# what rope to use for rope halters?



## horsecrazygirl13 (Jul 16, 2012)

Hi I was wondering what rope is best for making rope halters. I want to sell them. I have been making rope halters out of polypropylene rope and I found that isnt the best rope to use for halters. what type of rope do you use and where do you get it? thanks!


----------



## totalfreedom (Nov 23, 2009)

I too have been using polypropylene. Not to sell, but just for my own horses.

What is it you don't like about the poly rope? I keep thinking it would be nice to get a softer and slightly thicker rope.


----------



## horsecrazygirl13 (Jul 16, 2012)

totalfreedom said:


> I too have been using polypropylene. Not to sell, but just for my own horses.
> 
> What is it you don't like about the poly rope? I keep thinking it would be nice to get a softer and slightly thicker rope.


 Well it stretches. I made a halter for my horse in winter in yearling size and it stretched to average horse size by spring.


----------



## totalfreedom (Nov 23, 2009)

I've noticed the stretching too. The next one I make I may make it a bit snug in size and then do a bunch of pulling on it to encourage it to stretch to the right size.

Have you put any of your rope halters into the washing machine and dryer? Shoot, I wonder if they could be put it in the dryer....? But if you did wash and dry em did they shrink back up, and then did they end up stretching again? I guess maybe I just need to grab a couple and throw em in the wash and see what happens.


----------



## Left Hand Percherons (Feb 1, 2011)

oops!! double post.


----------



## Left Hand Percherons (Feb 1, 2011)

The best rope out there to make halter out of is a double braid nylon yacht rope 5/16 or 3/8". It will be medium (not too soft, not too stiff) , doesn't stretch, knots stay put and holds up well over the years. I leave mine hanging on the fence outside 24/7 and some of them are 10+ years old. My favorite brand is New England (sta-set) or Samson. Miami Cordage makes a good product too. I have bought roll ends, seconds, odd lots on ebay. There is a guy in Washington that I have bought a lot from but I can't find his site. There is also someone in Canada that I have bought from as well (think he was in BC). Rope is about 60% of firsts even with shipping. They will not advertise who the rope is by but look at the weave and the tracers and that will tell you who it is. New England has the most distinctive weaves. If you want to make yachtline lead ropes stick with the highest quality you can find (again sta-set is my fav).
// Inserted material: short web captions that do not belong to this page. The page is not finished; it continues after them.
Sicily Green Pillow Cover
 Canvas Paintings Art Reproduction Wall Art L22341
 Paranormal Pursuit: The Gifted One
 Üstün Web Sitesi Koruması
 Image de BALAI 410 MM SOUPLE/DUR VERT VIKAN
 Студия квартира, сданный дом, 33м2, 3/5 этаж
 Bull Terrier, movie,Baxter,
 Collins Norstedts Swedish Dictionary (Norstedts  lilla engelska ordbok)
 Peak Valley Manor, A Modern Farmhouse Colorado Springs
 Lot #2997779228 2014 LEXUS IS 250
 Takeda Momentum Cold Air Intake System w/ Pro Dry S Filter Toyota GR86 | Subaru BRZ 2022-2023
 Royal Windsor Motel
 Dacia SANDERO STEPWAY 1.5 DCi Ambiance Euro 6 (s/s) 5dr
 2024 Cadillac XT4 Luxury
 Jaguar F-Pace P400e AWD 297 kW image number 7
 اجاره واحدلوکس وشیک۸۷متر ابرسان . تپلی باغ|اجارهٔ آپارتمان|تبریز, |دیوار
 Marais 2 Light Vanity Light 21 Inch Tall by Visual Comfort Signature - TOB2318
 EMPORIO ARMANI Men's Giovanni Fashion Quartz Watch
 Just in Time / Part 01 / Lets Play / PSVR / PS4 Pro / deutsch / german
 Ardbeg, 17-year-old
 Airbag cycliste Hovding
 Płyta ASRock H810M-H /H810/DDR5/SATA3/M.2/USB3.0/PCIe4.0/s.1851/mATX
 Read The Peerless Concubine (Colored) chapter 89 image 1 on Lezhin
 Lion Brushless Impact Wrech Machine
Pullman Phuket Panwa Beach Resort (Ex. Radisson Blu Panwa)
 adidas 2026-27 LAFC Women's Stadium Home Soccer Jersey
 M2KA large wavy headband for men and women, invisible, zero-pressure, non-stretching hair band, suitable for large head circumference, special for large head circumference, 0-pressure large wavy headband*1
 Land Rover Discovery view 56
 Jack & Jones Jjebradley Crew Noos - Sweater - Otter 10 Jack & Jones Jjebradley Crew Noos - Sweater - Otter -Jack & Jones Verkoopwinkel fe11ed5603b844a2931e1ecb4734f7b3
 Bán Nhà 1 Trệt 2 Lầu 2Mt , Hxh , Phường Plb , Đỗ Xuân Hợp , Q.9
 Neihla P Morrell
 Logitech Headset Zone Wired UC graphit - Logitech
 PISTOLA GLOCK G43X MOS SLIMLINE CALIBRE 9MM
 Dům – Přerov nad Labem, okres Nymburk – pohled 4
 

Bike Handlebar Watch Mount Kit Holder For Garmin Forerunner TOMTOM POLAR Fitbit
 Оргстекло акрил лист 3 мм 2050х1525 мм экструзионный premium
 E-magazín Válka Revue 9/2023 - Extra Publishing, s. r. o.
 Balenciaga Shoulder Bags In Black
It has the best life and feel to it.

Polypro does not make good halters because it stretches and becomes very abrasive in the sun. It is also very light and has no feel to it. It is cheap but a handtied halter with quality rope is only going to cost about $5.


----------



## horsecrazygirl13 (Jul 16, 2012)

I've found these ropes. are they good quality? good enough to sell?
Sta-Set Polyester Yacht Braid 3/16" - Online Boat Warehouse

Double Braided Nylon : Online Rope Store, www.onlineropestore.com

and this for wrapping nosebands?
Mini-Brite Accessory Cord 2mm - Online Boat Warehouse

does anyone have directions for wrapping nosebands?


----------



## horsecrazygirl13 (Jul 16, 2012)

or this one?
315 Rothco General Purpose 3 8" Utility Black Rope 100 Feet | eBay


----------



## Left Hand Percherons (Feb 1, 2011)

You'll be happy with those but they are all firsts so you are paying a premium for the rope. You need about 20' of rope for one halter so at those prices, it's cheaper to buy one than to make it yourself.

Sail rigging line, Marine items in Discount Rope and Line store on eBay!

Look through this list and see what they have. Nova is a Canadian rope company and you should be able to find someone who carries ends and odd lots without paying crazy shipping fees.

Columbia Basin Knot is the company I've dealt with but they didn't have much listed right now. Keep an eye on them. Their products change just about weekly.


----------



## totalfreedom (Nov 23, 2009)

I was wondering about the nosebands too. To me some of them look like a cobra weave or solomon bar.


----------



## Fort fireman (Mar 5, 2011)

There two basic types of rope. Static and dynamic. Dynamic rope is made to stretch a good bit. It is used for rock climbing and mountain climbing a good bit for fall protection. It will stretch and not just slam someone to a stop or worse yet just snap from being shock loaded. If your halter is stretching alot you may have gotten a dynamic type rope. 

I need to learn how to tie some halters up. I'm decent at knots just haven't had the time to sit down a figure it out. :lol:


----------



## totalfreedom (Nov 23, 2009)

Fort fireman said:


> I need to learn how to tie some halters up. I'm decent at knots just haven't had the time to sit down a figure it out. :lol:


This may help out a little. :wink: Tie Your Own Simple Rope Halter - Natural Horse Supply


----------



## FaydesMom (Mar 25, 2012)

Or try this one:

Rope Halter with Fiador Knot

Always remember to tie you halter a_ little _bit smaller than needed, because while good rope will not stretch, the knots WILL tighten down with use and it will seem like the halter has stretched out a bit.


----------



## dlady (Apr 13, 2013)

Does anyone ever make halters out of twisted rope? We throw a few hundred feet of this stuff away every day at work. I brought some home so I could practice making rope halters out of it.


----------



## horsecrazygirl13 (Jul 16, 2012)

I found this rope on ebay: Anchor Rope Dock Line 3 8" x 100' Black Nylon Made USA | eBay
It seems to be a decent price. About $6 per halter. what do you think.


----------